### Work required
Return the lines of the material below exactly, beginning with the line that has "ZUEXT Beige Decorative" in it and finishing with the line that has "COACH CHARTER HORSE" in it. Leave all pictures aside.

### Data for analysis
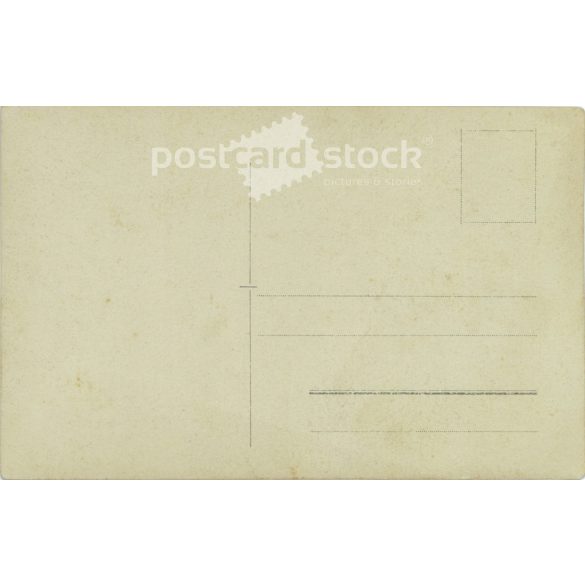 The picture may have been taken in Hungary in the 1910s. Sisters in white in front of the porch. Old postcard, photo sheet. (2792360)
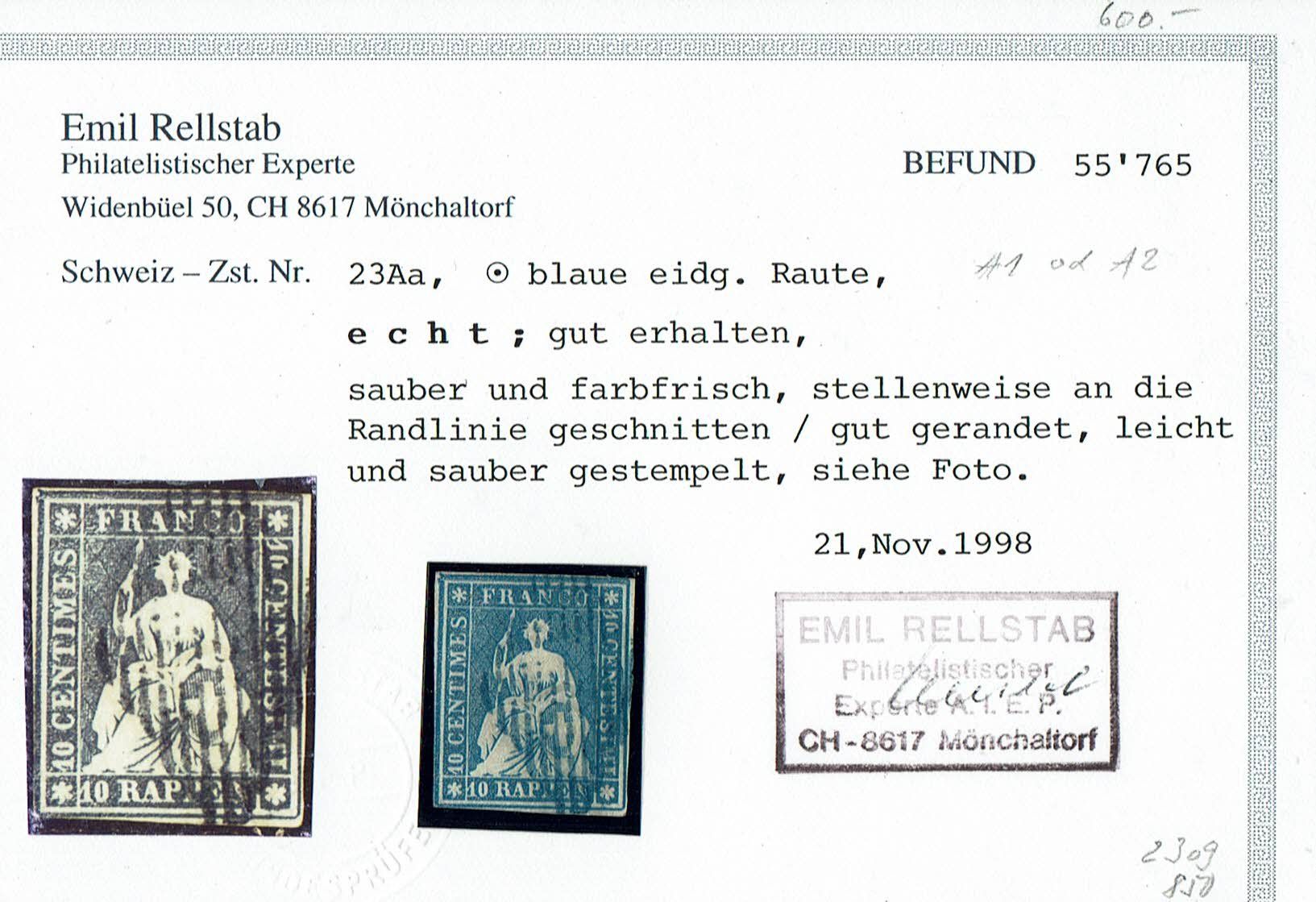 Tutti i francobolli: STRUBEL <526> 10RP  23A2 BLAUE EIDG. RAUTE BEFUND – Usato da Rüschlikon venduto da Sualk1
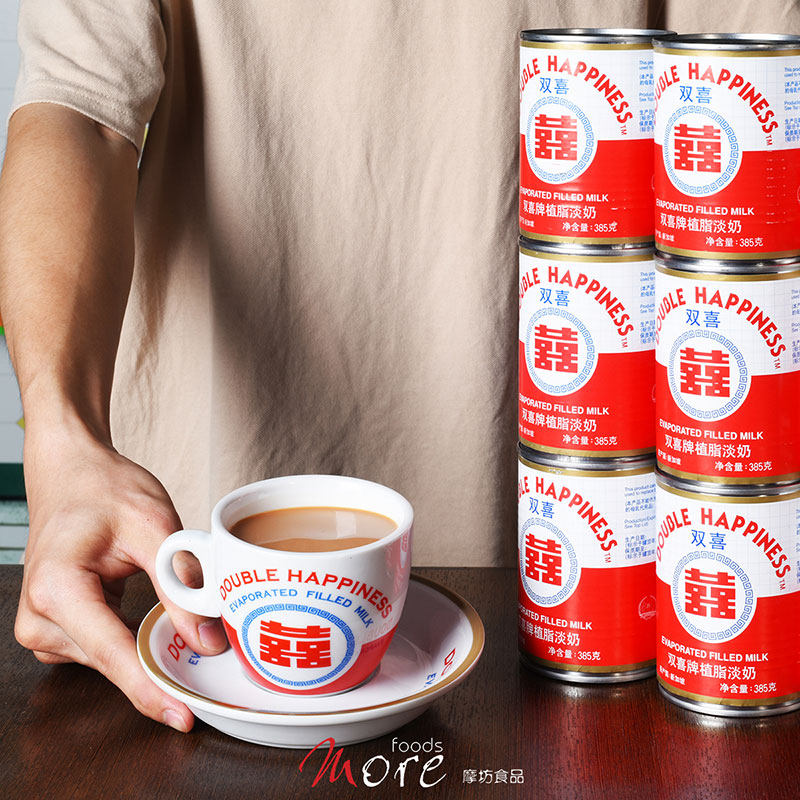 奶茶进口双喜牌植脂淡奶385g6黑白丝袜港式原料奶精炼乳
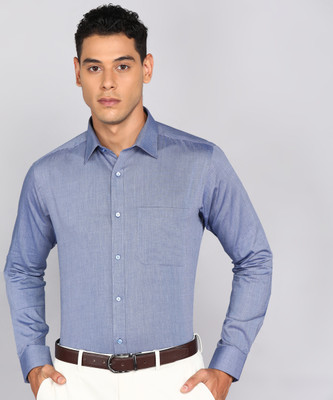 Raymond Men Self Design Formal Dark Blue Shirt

--

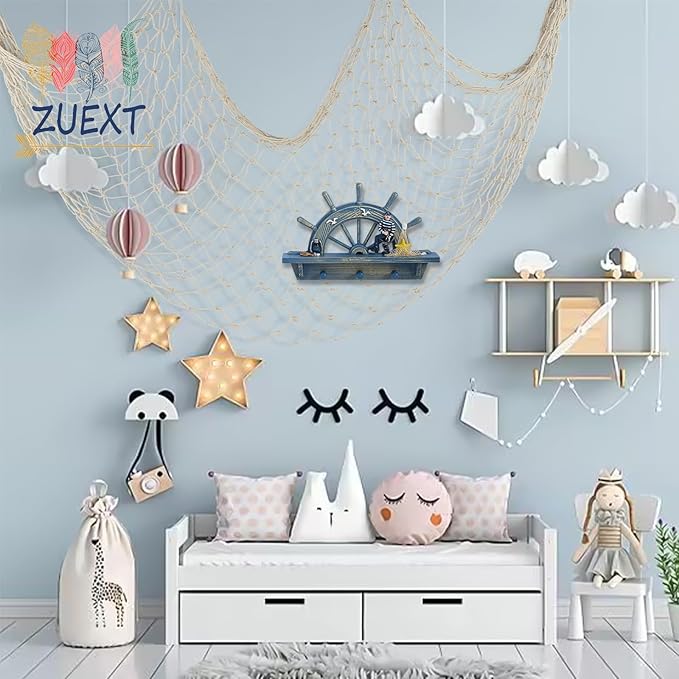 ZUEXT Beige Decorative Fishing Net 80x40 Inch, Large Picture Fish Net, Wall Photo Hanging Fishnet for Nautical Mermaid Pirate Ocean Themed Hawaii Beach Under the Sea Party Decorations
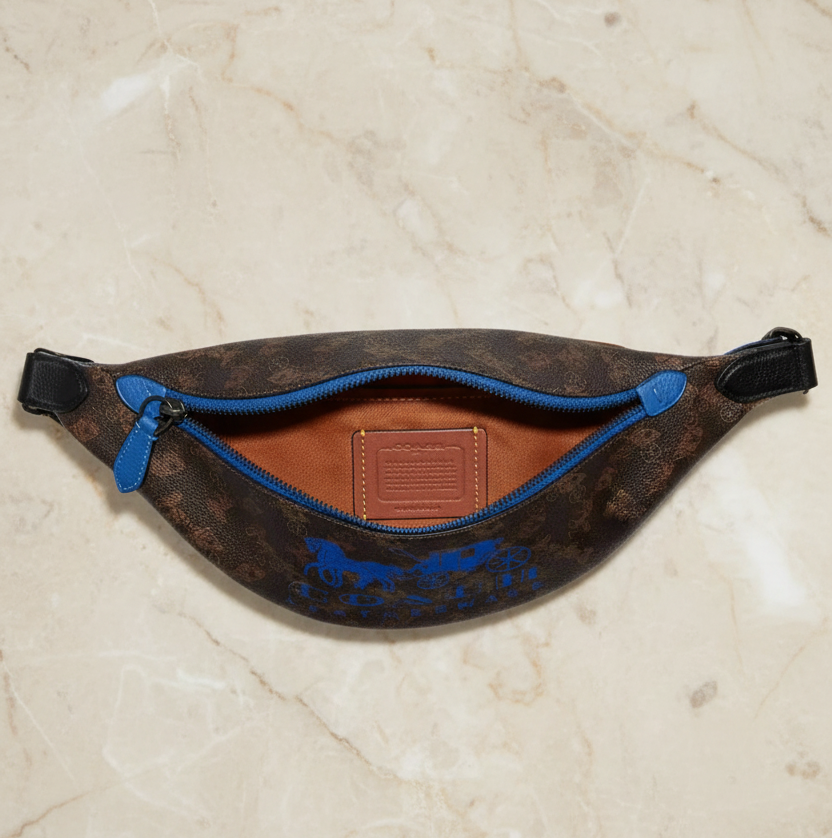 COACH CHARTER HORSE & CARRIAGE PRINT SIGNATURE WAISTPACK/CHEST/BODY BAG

### Output for this exercise
 ZUEXT Beige Decorative Fishing Net 80x40 Inch, Large Picture Fish Net, Wall Photo Hanging Fishnet for Nautical Mermaid Pirate Ocean Themed Hawaii Beach Under the Sea Party Decorations
 COACH CHARTER HORSE & CARRIAGE PRINT SIGNATURE WAISTPACK/CHEST/BODY BAG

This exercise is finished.